Car s'il faut donner à peu près une fourchette, la belle n'est pas si éloignée d'une fameuse Diana Serra, chanteuse d'Aghora (dont on espère un nouvel album). Les lignes de chant sont sensuelles, et son timbre s'y prête parfaitement. Sur « Behind the Curtains », par exemple, elle est en adéquation totale avec la musique, et sa voix se fond majestueusement dans l'ensemble. Elle nous fait rêver, nous transporte, son exotisme et sa pureté sont des points essentiels dans la réussite d'Hypnotic. Car s'il n'y a aucun instrument traditionnel oriental à proprement parler, sa voix fait tout le boulot, et ne sera pas sans nous évoquer aussi Sarah Layssac, du groupe Arkan. Mais Beyza, elle a quand même sa propre empreinte vocale, tout comme la musique a son identité, et la réunion des deux est une clé importante pour permettre à Astral Tears de se faire connaître sur la scène (inter)nationale. La combinaison de la musique et de la voix est subtilement négociée, et très judicieusement exploitée. Preuve, encore une fois, de la maturité du propos.

Mentionnons quand même quelques petites pistes digne du plus grand intérêt. Même si elles ne sont pas représentatives de l'opus, « Desire » et « Behind the Curtains » sont des pauses de douceur plus qu'agréable, qui, le temps de quelques minutes, nous laissent entrevoir un univers tout à fait différent, même si la frappe puissante d'un « My Reality » nous ramène à la … réalité, enfin, pas tant que ça, car la charmante frontwoman n'abandonne pas pour autant ses petites touches arabisantes, du plus bel effet. En plus, la progression amenée sur ce morceau est très bien vue, de l'accalmie jusqu'à la tempête au moment du refrain. Les petits ajouts ici et là confèrent au titre tout ce que l'on recherche, le plaçant dans le haut du panier, au côté de « Awake », pour des raisons à peu près identiques, avec une guitare qui fait, elle aussi, un boulot exemplaire. Et en plus, ça ne ressemble pas à un bête exercice scolaire, appliqué dans « le metal moderne pour les nuls ». L'émotion est décelable, et ça fait toute la différence. A mentionner également, « Back to Life », où le refrain fonctionne, avec une Beyza au chant un peu plus aigu qu'à l'accoutumée, mais qui montre également une maîtrise dans ce registre.

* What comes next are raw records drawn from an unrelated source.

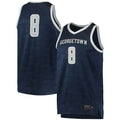Custom #8 Navy Basketball Shirt Top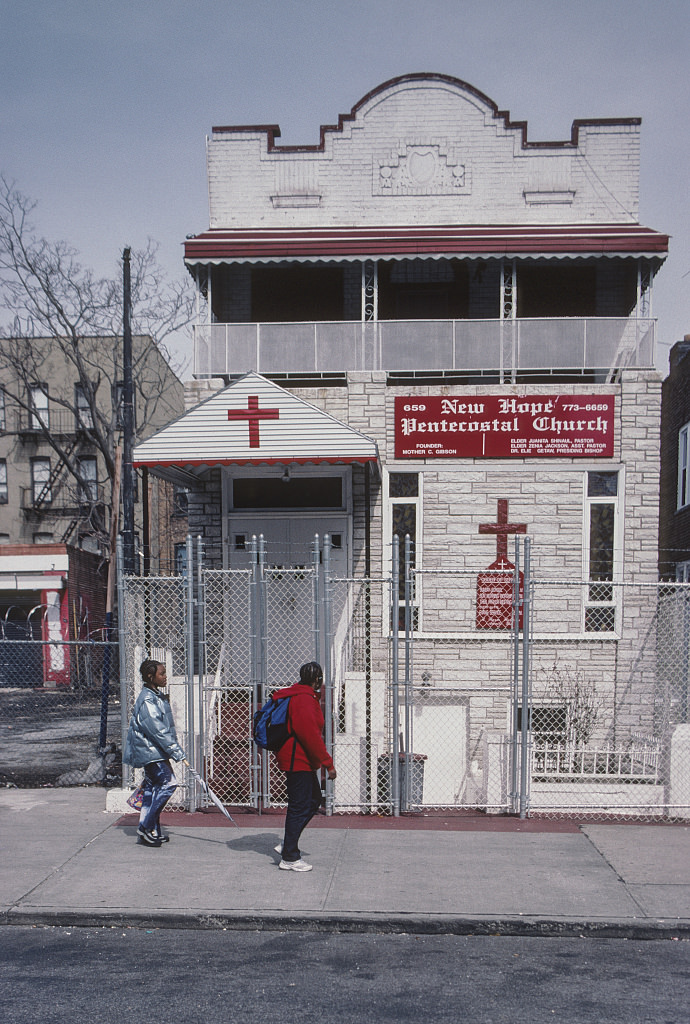 New Hope Pentecostal Church In Brooklyn, 1980-2014.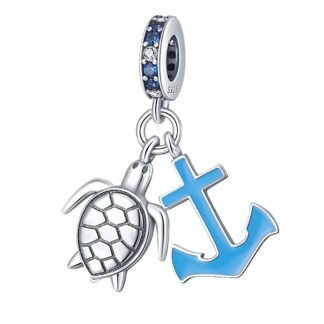 Turtle Anchor Charm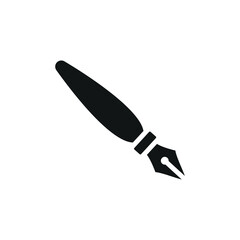 Fountain pen icon vector featuring a minimalist and modern design, ideal for adding a professional touch to business, correspondence, or signature-related projects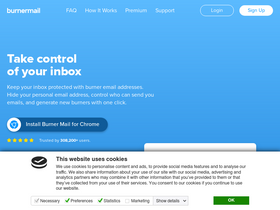 'burnermail.io' screenshot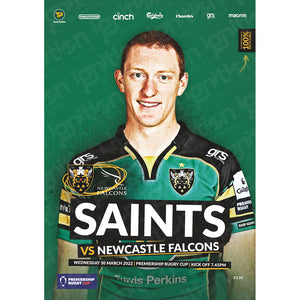 Northampton Saints vs Newcastle Falcons (Prem Rugby)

Le metal moderne à chanteuse est tout content, et trépigne de joie dans sa maison. Enfin, aurait-il trouvé un nouveau prétendant pour reprendre le flambeau, et pouvoir enterrer ses reliques de Lacuna Coil qui prennent la poussière sur sa cheminée ? Il se dit que c'est à vérifier dans l'avenir, mais il ne perd pas espoir. Rêveur, il s'en va dormir, et pense bien, le lendemain, montrer sa trouvaille au metal moderne tout court, plein d'ambition, fier de serrer contre son cœur ce Hypnotic. Et croyez bien qu'il a fait de beaux rêves, cette nuit-là, en allant se recoucher.